Thanks for the new images. 
I think it's now safe to assume (thanks to the new photos) that this is one of those rare beasts, a genuine 'Super Lenton' lightweight frameset that has somewhat bizarrely been "roadsterised" (for want of a better word) with the addition of a different wheelset, bars, stem, mudguards, chainguard, drivetrain etcetera,  etcetera. 
This could have been done to special order, or swapped out from another bike, who can say.
But it was obviously put together by someone who preferred the upright style.
I sometimes ride with an older guy who owns a Raleigh that he purchased new in 1948, that now bears little relation to the lightweight,  clubman's bike it started it's life as; that's what this reminds me of, a bike loved and appreciated by a long-term owner.


----------



## dnc1 (Feb 8, 2022)

What size are those wheels by the way?


----------



## 3-speeder (Feb 8, 2022)

I am curious to see what keeps the rear brake cable off of the bottom bracket?


----------



## Nuts and Bolts (Feb 11, 2022)

Oilit said:


> The Dynohub is dated Dec. 1960, which matches the paint, but the rear  hub looks like March (3rd month) of 195(4?), so I don't think these parts all came on the bike new, some were added later. The shifter looks early to mid-'50's as well, so I'm guessing it came with the rear hub. But it's an interesting bike in any case. I think that's the first Raleigh Lenton I've seen with a drum rear brake, or a Campagnolo derailleur either. The hybrid gearing may have been a factory option, but the factory would have more likely used a Cyclo/Benelux. Even though I'm guessing it wasn't built like this from the  factory, it was built by somebody who was particular about what they wanted. Nice bike!
> This may be the thread you were referring to, another nice Raleigh with hybrid gears, but I believe "Lenton" refers to a frame, not the drive. Does your frame actually say "Lenton"?
> 
> 
> ...



Here's the thread I was thinking of,  https://thecabe.com/forum/threads/raleigh-super-lenton.109327/  The rear hub on mine is dated 53-3 or 63-3. When I bought the bike I was told it was Special and rare? The seller's father had a bike shop for quiet a few years and this was one of a few the family kept.


----------



## Nuts and Bolts (Feb 11, 2022)

dnc1 said:


> Oh, and what is that thing on the seat tube about 1/3 of the way down from the top?
> It looks like part of a 'dry battery tube', which would tie in with that dynohub.
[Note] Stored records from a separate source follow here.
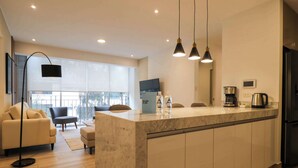 A modern kitchen with a marble countertop, a black refrigerator, and a coffee maker.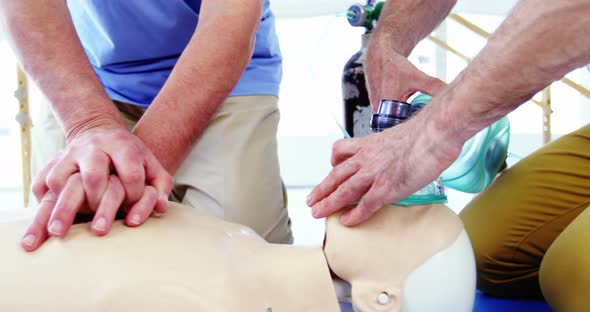 Male paramedic during cardiopulmonary resuscitation training alt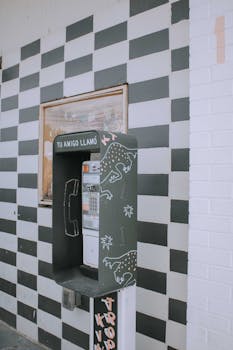 Retro payphone with artistic design on checkered wall in Austin, Texas.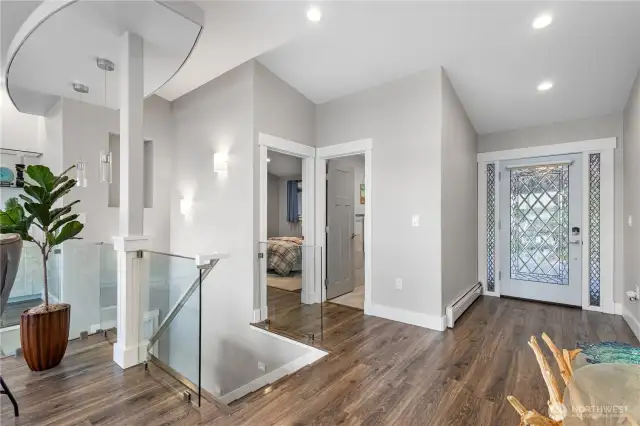 A guest bedroom/bath & glass rail stairway are just off the entryway.
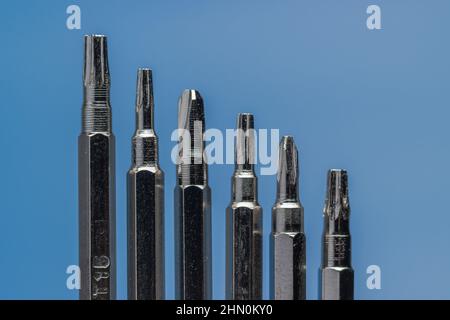 A set of long bits for a screwdriver. Different form, Six Variations. Blue background. Stock Photo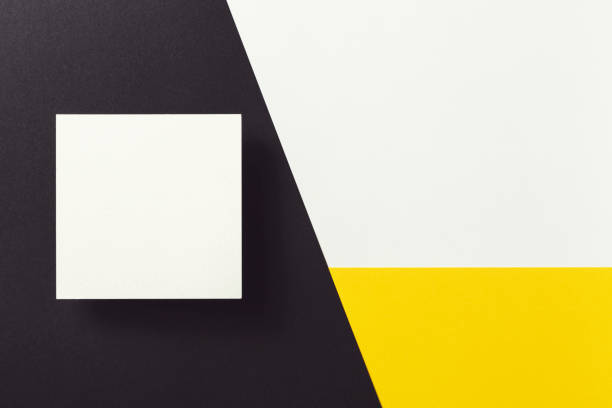 istock White business card on black, yellow and white background. 1212404888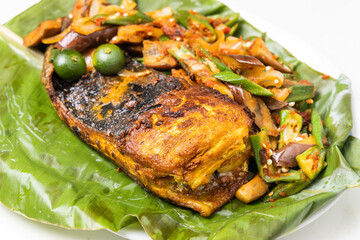 Close-up of popular grilled stingray fish with spices and vegetable served on banana leaf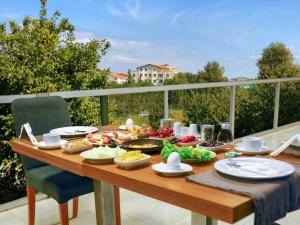 a wooden table with food on top of a balcony at Helenapolis Otel in Yalova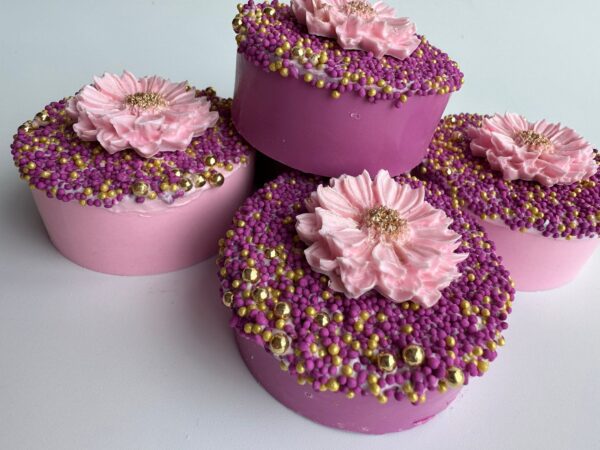 Four pink and purple chocolate-covered Oreos with flower designs and small beads, perfect for wedding or shower favors.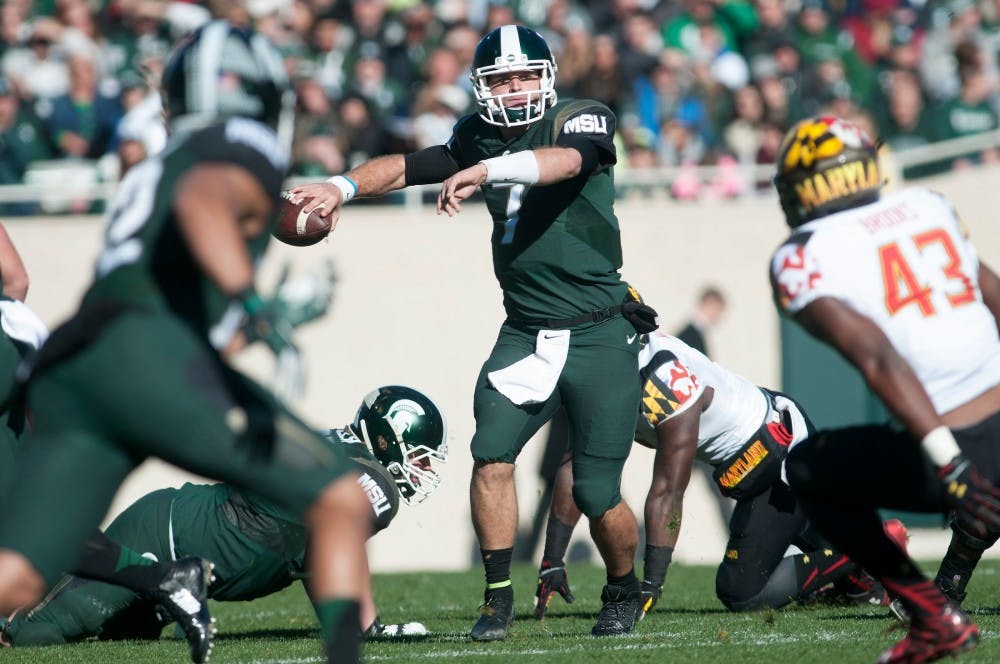 <p>Junior quarterback Tyler O'Connor looks to pass to junior wide receiver R.J. Shelton, left in the foreground, during the game against Maryland on Nov. 14, 2015 at Spartan Stadium. The Spartans defeated the Terrapins, 24-7.</p>
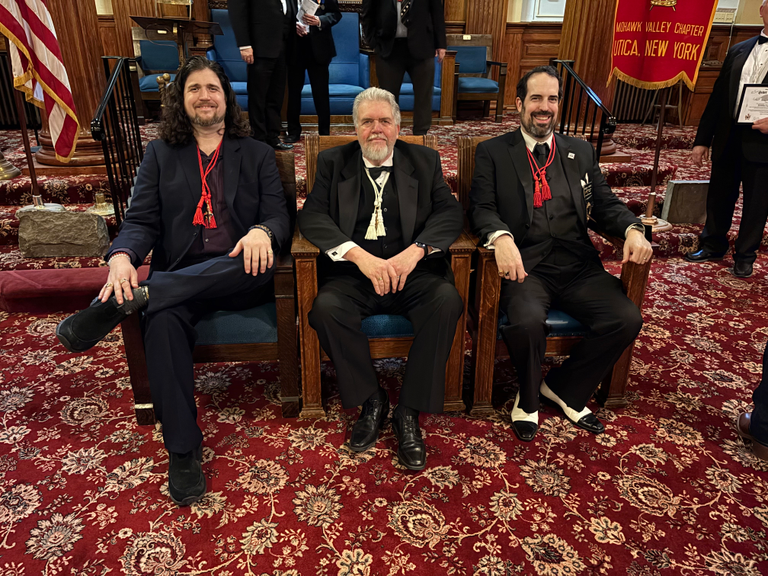 Scottish Rite Masons from the Valley of Utica sit in chairs during a Masonic meeting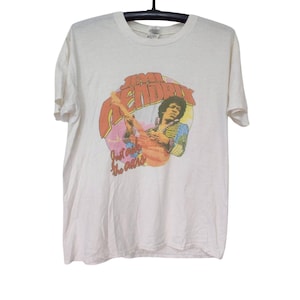 May include: A white short-sleeve t-shirt featuring a graphic print of Jimi Hendrix playing a guitar. The text "Jimi Hendrix" appears in large orange letters above the image, with the phrase "Just ask the ears" printed in smaller orange script below.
It's the top of the DYNO-LUXE, the batteries were a little rough and had to drill them out.


----------



## Nuts and Bolts (Feb 11, 2022)

dnc1 said:


> What size are those wheels by the way?



The rims are Raleigh 26x1-3/8 the tires are Dunlop sprites 26x1-3/8.


----------



## Nuts and Bolts (Feb 11, 2022)

dnc1 said:


> What size are those wheels by the way?



The rims are Raleigh 26x1-3/8 the tires are Dunlop sprites 26x1-1


3-speeder said:


> I am curious to see what keeps the rear brake cable off of the bottom bracket?



The cable runs right against the BB.


----------



## Amanda Reckonwith (Feb 12, 2022)

Raleigh Lentons: 1948-1960​
...possibly you are already aware of this well documented history of the Lenton bikes from Raleigh.
It has a lot of pictures, and it might help you to look through them to compare similarities and differences.

Yours give the impression of extensive modifications, done pretty well, given what was available at the time.


----------



## Goldenrod (Feb 13, 2022)

Learned something with this post.  Great bike kept well by serious old bike people.


----------